- **PROBLEM STATEMENT**
Set down the full data below exactly as given, please.

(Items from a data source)
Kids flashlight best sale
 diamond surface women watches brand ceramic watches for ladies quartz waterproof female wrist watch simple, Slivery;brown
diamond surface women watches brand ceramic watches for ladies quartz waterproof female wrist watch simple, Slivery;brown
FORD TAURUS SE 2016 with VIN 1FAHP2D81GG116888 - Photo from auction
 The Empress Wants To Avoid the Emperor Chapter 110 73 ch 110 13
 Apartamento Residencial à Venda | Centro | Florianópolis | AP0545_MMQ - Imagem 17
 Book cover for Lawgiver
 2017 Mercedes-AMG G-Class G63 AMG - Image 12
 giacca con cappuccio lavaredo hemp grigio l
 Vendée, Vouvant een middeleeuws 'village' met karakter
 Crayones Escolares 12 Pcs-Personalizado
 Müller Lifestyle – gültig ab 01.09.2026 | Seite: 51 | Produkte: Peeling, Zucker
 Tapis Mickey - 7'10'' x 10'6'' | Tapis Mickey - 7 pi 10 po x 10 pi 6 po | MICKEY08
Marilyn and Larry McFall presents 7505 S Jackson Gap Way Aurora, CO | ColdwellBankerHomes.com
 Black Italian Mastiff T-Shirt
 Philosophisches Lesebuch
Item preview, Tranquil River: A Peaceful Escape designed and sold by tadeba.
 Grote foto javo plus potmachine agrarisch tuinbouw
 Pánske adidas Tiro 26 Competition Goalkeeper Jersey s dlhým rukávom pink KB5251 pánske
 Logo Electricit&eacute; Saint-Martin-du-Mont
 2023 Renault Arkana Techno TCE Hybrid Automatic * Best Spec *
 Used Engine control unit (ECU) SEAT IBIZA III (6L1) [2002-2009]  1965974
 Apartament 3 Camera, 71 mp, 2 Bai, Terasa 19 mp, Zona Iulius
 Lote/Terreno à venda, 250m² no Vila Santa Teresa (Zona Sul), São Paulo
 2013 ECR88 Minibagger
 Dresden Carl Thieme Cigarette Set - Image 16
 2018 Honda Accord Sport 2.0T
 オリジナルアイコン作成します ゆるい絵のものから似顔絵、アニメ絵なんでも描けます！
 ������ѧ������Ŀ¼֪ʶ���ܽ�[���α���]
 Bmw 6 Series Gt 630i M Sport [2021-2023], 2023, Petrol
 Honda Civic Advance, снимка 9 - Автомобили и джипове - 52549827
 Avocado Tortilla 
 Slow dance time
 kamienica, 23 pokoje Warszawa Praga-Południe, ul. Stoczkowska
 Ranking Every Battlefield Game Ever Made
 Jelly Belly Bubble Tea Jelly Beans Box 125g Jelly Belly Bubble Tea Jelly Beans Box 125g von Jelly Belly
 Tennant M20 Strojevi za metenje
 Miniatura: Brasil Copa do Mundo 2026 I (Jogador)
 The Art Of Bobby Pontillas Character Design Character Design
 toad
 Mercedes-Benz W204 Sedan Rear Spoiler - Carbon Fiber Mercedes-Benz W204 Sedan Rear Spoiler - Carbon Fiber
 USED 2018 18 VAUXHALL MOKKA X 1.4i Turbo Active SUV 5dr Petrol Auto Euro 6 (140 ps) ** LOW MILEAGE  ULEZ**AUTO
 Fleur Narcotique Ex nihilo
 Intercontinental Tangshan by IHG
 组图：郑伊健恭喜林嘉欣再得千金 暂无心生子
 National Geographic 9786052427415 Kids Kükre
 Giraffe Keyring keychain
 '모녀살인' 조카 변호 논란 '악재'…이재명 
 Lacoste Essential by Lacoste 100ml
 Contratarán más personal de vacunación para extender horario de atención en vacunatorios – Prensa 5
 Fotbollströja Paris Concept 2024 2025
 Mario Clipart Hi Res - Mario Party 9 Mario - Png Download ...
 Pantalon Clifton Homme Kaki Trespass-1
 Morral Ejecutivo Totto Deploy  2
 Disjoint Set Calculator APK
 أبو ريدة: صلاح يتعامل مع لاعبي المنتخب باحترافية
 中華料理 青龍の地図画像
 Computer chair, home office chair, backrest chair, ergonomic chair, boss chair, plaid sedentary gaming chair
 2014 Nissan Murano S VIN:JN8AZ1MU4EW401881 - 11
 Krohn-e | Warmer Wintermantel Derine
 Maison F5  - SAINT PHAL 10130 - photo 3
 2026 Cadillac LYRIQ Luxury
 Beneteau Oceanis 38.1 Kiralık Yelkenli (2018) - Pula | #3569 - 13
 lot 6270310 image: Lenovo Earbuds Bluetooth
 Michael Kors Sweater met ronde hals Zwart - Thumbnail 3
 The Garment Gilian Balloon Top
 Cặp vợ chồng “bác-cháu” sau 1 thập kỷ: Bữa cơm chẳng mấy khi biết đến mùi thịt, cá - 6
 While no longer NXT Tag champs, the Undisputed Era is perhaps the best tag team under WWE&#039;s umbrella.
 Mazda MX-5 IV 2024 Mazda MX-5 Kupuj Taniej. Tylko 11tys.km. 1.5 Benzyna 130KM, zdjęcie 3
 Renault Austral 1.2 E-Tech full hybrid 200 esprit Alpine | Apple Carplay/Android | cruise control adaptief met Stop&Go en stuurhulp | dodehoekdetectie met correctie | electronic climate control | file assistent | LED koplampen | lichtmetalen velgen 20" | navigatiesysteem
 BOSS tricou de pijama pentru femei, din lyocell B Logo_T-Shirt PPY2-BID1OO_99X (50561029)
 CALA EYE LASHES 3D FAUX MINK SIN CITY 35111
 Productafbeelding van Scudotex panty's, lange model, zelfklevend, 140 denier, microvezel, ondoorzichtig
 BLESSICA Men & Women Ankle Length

- **ANSWER AREA**
Kids flashlight best sale
 diamond surface women watches brand ceramic watches for ladies quartz waterproof female wrist watch simple, Slivery;brown
diamond surface women watches brand ceramic watches for ladies quartz waterproof female wrist watch simple, Slivery;brown
FORD TAURUS SE 2016 with VIN 1FAHP2D81GG116888 - Photo from auction
 The Empress Wants To Avoid the Emperor Chapter 110 73 ch 110 13
 Apartamento Residencial à Venda | Centro | Florianópolis | AP0545_MMQ - Imagem 17
 Book cover for Lawgiver
 2017 Mercedes-AMG G-Class G63 AMG - Image 12
 giacca con cappuccio lavaredo hemp grigio l
 Vendée, Vouvant een middeleeuws 'village' met karakter
 Crayones Escolares 12 Pcs-Personalizado
 Müller Lifestyle – gültig ab 01.09.2026 | Seite: 51 | Produkte: Peeling, Zucker
 Tapis Mickey - 7'10'' x 10'6'' | Tapis Mickey - 7 pi 10 po x 10 pi 6 po | MICKEY08
Marilyn and Larry McFall presents 7505 S Jackson Gap Way Aurora, CO | ColdwellBankerHomes.com
 Black Italian Mastiff T-Shirt
 Philosophisches Lesebuch
Item preview, Tranquil River: A Peaceful Escape designed and sold by tadeba.
 Grote foto javo plus potmachine agrarisch tuinbouw
 Pánske adidas Tiro 26 Competition Goalkeeper Jersey s dlhým rukávom pink KB5251 pánske
 Logo Electricit&eacute; Saint-Martin-du-Mont
 2023 Renault Arkana Techno TCE Hybrid Automatic * Best Spec *
 Used Engine control unit (ECU) SEAT IBIZA III (6L1) [2002-2009]  1965974
 Apartament 3 Camera, 71 mp, 2 Bai, Terasa 19 mp, Zona Iulius
 Lote/Terreno à venda, 250m² no Vila Santa Teresa (Zona Sul), São Paulo
 2013 ECR88 Minibagger
 Dresden Carl Thieme Cigarette Set - Image 16
 2018 Honda Accord Sport 2.0T
 オリジナルアイコン作成します ゆるい絵のものから似顔絵、アニメ絵なんでも描けます！
 ������ѧ������Ŀ¼֪ʶ���ܽ�[���α���]
 Bmw 6 Series Gt 630i M Sport [2021-2023], 2023, Petrol
 Honda Civic Advance, снимка 9 - Автомобили и джипове - 52549827
 Avocado Tortilla 
 Slow dance time
 kamienica, 23 pokoje Warszawa Praga-Południe, ul. Stoczkowska
 Ranking Every Battlefield Game Ever Made
 Jelly Belly Bubble Tea Jelly Beans Box 125g Jelly Belly Bubble Tea Jelly Beans Box 125g von Jelly Belly
 Tennant M20 Strojevi za metenje
 Miniatura: Brasil Copa do Mundo 2026 I (Jogador)
 The Art Of Bobby Pontillas Character Design Character Design
 toad
 Mercedes-Benz W204 Sedan Rear Spoiler - Carbon Fiber Mercedes-Benz W204 Sedan Rear Spoiler - Carbon Fiber
 USED 2018 18 VAUXHALL MOKKA X 1.4i Turbo Active SUV 5dr Petrol Auto Euro 6 (140 ps) ** LOW MILEAGE  ULEZ**AUTO
 Fleur Narcotique Ex nihilo
 Intercontinental Tangshan by IHG
 组图：郑伊健恭喜林嘉欣再得千金 暂无心生子
 National Geographic 9786052427415 Kids Kükre
 Giraffe Keyring keychain
 '모녀살인' 조카 변호 논란 '악재'…이재명 
 Lacoste Essential by Lacoste 100ml
 Contratarán más personal de vacunación para extender horario de atención en vacunatorios – Prensa 5
 Fotbollströja Paris Concept 2024 2025
 Mario Clipart Hi Res - Mario Party 9 Mario - Png Download ...
 Pantalon Clifton Homme Kaki Trespass-1
 Morral Ejecutivo Totto Deploy  2
 Disjoint Set Calculator APK
 أبو ريدة: صلاح يتعامل مع لاعبي المنتخب باحترافية
 中華料理 青龍の地図画像
 Computer chair, home office chair, backrest chair, ergonomic chair, boss chair, plaid sedentary gaming chair
 2014 Nissan Murano S VIN:JN8AZ1MU4EW401881 - 11
 Krohn-e | Warmer Wintermantel Derine
 Maison F5  - SAINT PHAL 10130 - photo 3
 2026 Cadillac LYRIQ Luxury
 Beneteau Oceanis 38.1 Kiralık Yelkenli (2018) - Pula | #3569 - 13
 lot 6270310 image: Lenovo Earbuds Bluetooth
 Michael Kors Sweater met ronde hals Zwart - Thumbnail 3
 The Garment Gilian Balloon Top
 Cặp vợ chồng “bác-cháu” sau 1 thập kỷ: Bữa cơm chẳng mấy khi biết đến mùi thịt, cá - 6
 While no longer NXT Tag champs, the Undisputed Era is perhaps the best tag team under WWE&#039;s umbrella.
 Mazda MX-5 IV 2024 Mazda MX-5 Kupuj Taniej. Tylko 11tys.km. 1.5 Benzyna 130KM, zdjęcie 3
 Renault Austral 1.2 E-Tech full hybrid 200 esprit Alpine | Apple Carplay/Android | cruise control adaptief met Stop&Go en stuurhulp | dodehoekdetectie met correctie | electronic climate control | file assistent | LED koplampen | lichtmetalen velgen 20" | navigatiesysteem
 BOSS tricou de pijama pentru femei, din lyocell B Logo_T-Shirt PPY2-BID1OO_99X (50561029)
 CALA EYE LASHES 3D FAUX MINK SIN CITY 35111
 Productafbeelding van Scudotex panty's, lange model, zelfklevend, 140 denier, microvezel, ondoorzichtig
 BLESSICA Men & Women Ankle Length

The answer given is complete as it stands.